Officially, Mexico’s Independence Day is tomorrow the 16th, but the party starts tonight. That’s because in the evening of September 15th, exactly two centuries ago, the fight for independence from Spain began. Like most good legends, this one is simpler than reality—Mexico didn’t really get its independence until many years later (1821)—but it all began that night with a shout from Miguel Hidalgo, in a little town near where I’m living, now called Dolores Hidalgo. “Mexicanos, Viva Mexico!”
This priest rang the church bells, shouted for the people to join him, and the next day marched to what is now San Miguel de Allende with the turncoat military officer it’s now named after: Ignacio Allende. The rebels expected a fight, but instead thousands joined them and they were off. The first big battle was three days later where I am now, in Guanajuato.
As you can imagine, it’s going to be a crazy few days here. One of the joys of living in a foreign country is the calendar is all out of whack. The comfortable routines are gone and you get shaken out of your stupor. I’ll really get shaken out here because Mexicans LOVE fireworks! There’s no bad time to set off M-80s, cannons, exploding bottle rockets, or firecrackers. Seven in the morning is also a fine time for drum and bugle corps to march down the street.
So I won’t get much sleep, but this is a great time to be in Mexico. All the decorations are up, the people are smiling, and there’s an electric excitement in the air.

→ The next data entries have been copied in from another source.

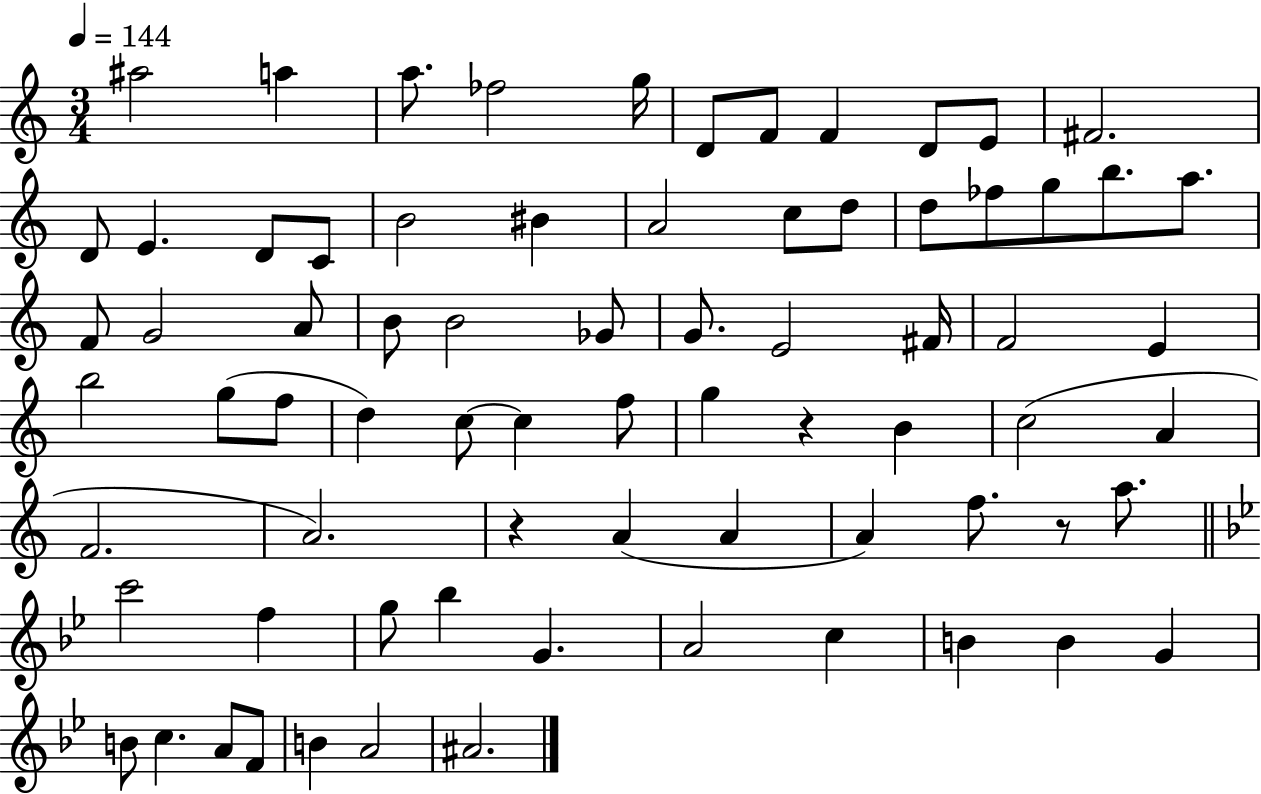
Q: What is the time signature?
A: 3/4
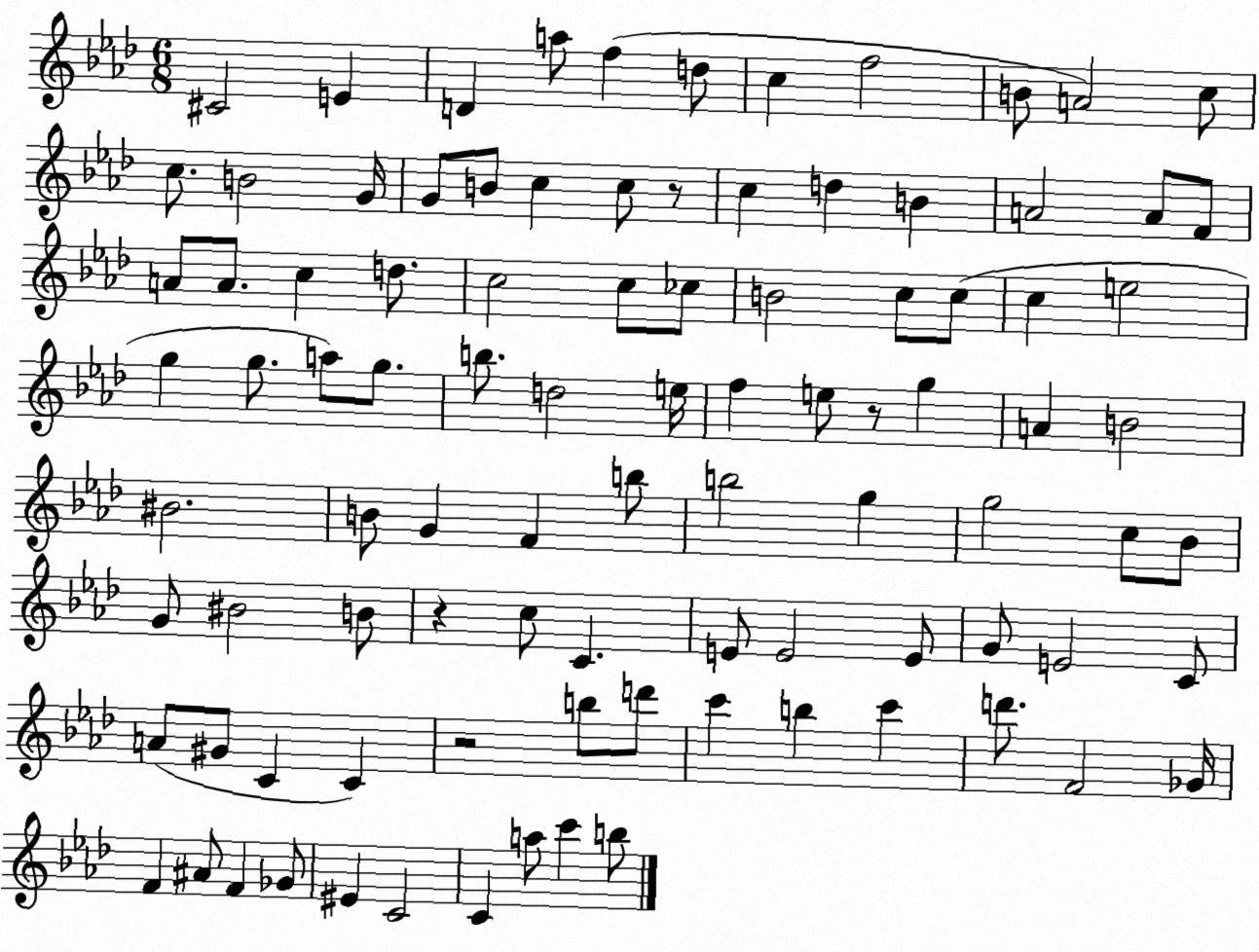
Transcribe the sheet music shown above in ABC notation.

X:1
T:Untitled
M:6/8
L:1/4
K:Ab
^C2 E D a/2 f d/2 c f2 B/2 A2 c/2 c/2 B2 G/4 G/2 B/2 c c/2 z/2 c d B A2 A/2 F/2 A/2 A/2 c d/2 c2 c/2 _c/2 B2 c/2 c/2 c e2 g g/2 a/2 g/2 b/2 d2 e/4 f e/2 z/2 g A B2 ^B2 B/2 G F b/2 b2 g g2 c/2 _B/2 G/2 ^B2 B/2 z c/2 C E/2 E2 E/2 G/2 E2 C/2 A/2 ^G/2 C C z2 b/2 d'/2 c' b c' d'/2 F2 _G/4 F ^A/2 F _G/2 ^E C2 C a/2 c' b/2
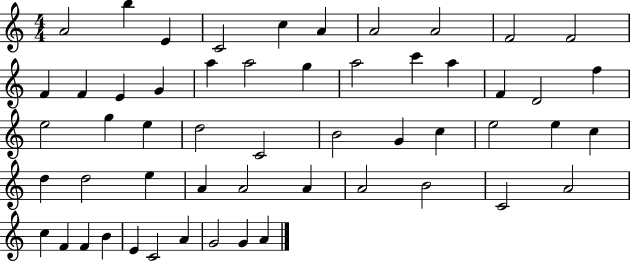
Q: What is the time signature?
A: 4/4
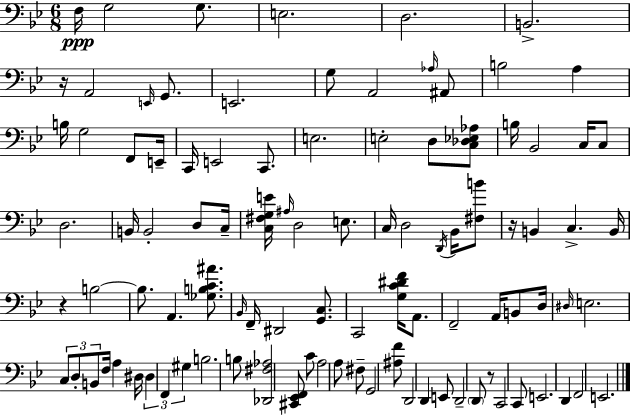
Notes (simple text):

F3/s G3/h G3/e. E3/h. D3/h. B2/h. R/s A2/h E2/s G2/e. E2/h. G3/e A2/h Ab3/s A#2/e B3/h A3/q B3/s G3/h F2/e E2/s C2/s E2/h C2/e. E3/h. E3/h D3/e [C3,Db3,Eb3,Ab3]/e B3/s Bb2/h C3/s C3/e D3/h. B2/s B2/h D3/e C3/s [C3,F#3,G3,E4]/s A#3/s D3/h E3/e. C3/s D3/h D2/s Bb2/s [F#3,B4]/e R/s B2/q C3/q. B2/s R/q B3/h B3/e. A2/q. [Gb3,B3,C4,A#4]/e. Bb2/s F2/s D#2/h [G2,C3]/e. C2/h [G3,C4,D#4,F4]/s A2/e. F2/h A2/s B2/e D3/s D#3/s E3/h. C3/e D3/e B2/e F3/s A3/q D#3/s D#3/q F2/q G#3/q B3/h. B3/e [Db2,F#3,Ab3]/h [C#2,Eb2,F2]/e C4/e A3/h A3/e F#3/e G2/h [A#3,F4]/e D2/h D2/q E2/e D2/h D2/e R/e C2/h C2/e E2/h. D2/q F2/h E2/h.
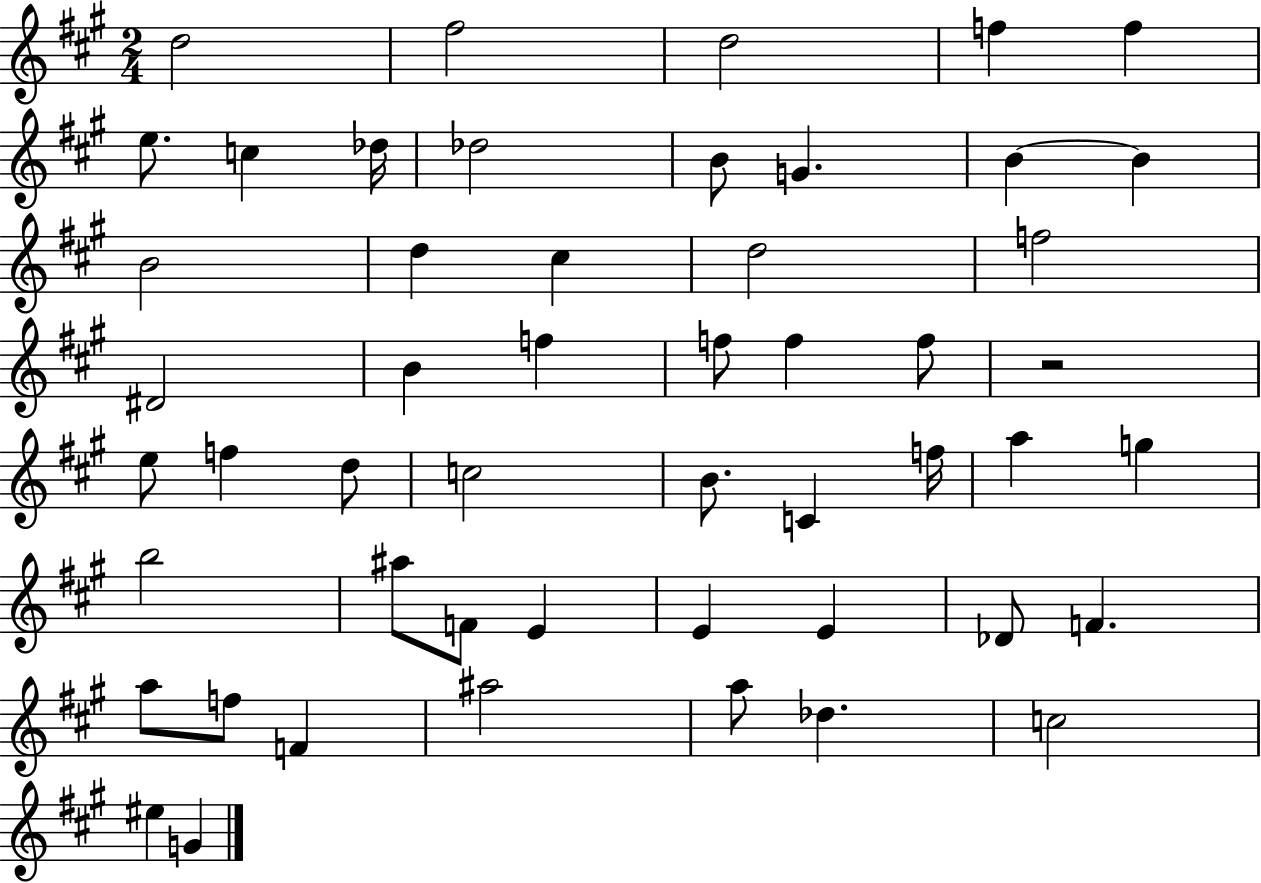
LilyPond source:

{
  \clef treble
  \numericTimeSignature
  \time 2/4
  \key a \major
  d''2 | fis''2 | d''2 | f''4 f''4 | \break e''8. c''4 des''16 | des''2 | b'8 g'4. | b'4~~ b'4 | \break b'2 | d''4 cis''4 | d''2 | f''2 | \break dis'2 | b'4 f''4 | f''8 f''4 f''8 | r2 | \break e''8 f''4 d''8 | c''2 | b'8. c'4 f''16 | a''4 g''4 | \break b''2 | ais''8 f'8 e'4 | e'4 e'4 | des'8 f'4. | \break a''8 f''8 f'4 | ais''2 | a''8 des''4. | c''2 | \break eis''4 g'4 | \bar "|."
}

Maybe too much excitement: in a move designed to protect the people from themselves, the government has declared that nobody can sell alcohol “de las 00:00 horas del 15 de septiembre hasta las 24:00 horas del 17 de septiembre.” So I just stocked up on tequila. They’re not completely unreasonable though: exempt are all the bars, restaurants, and any other place where you go to have a drink instead of carrying it onto the streets.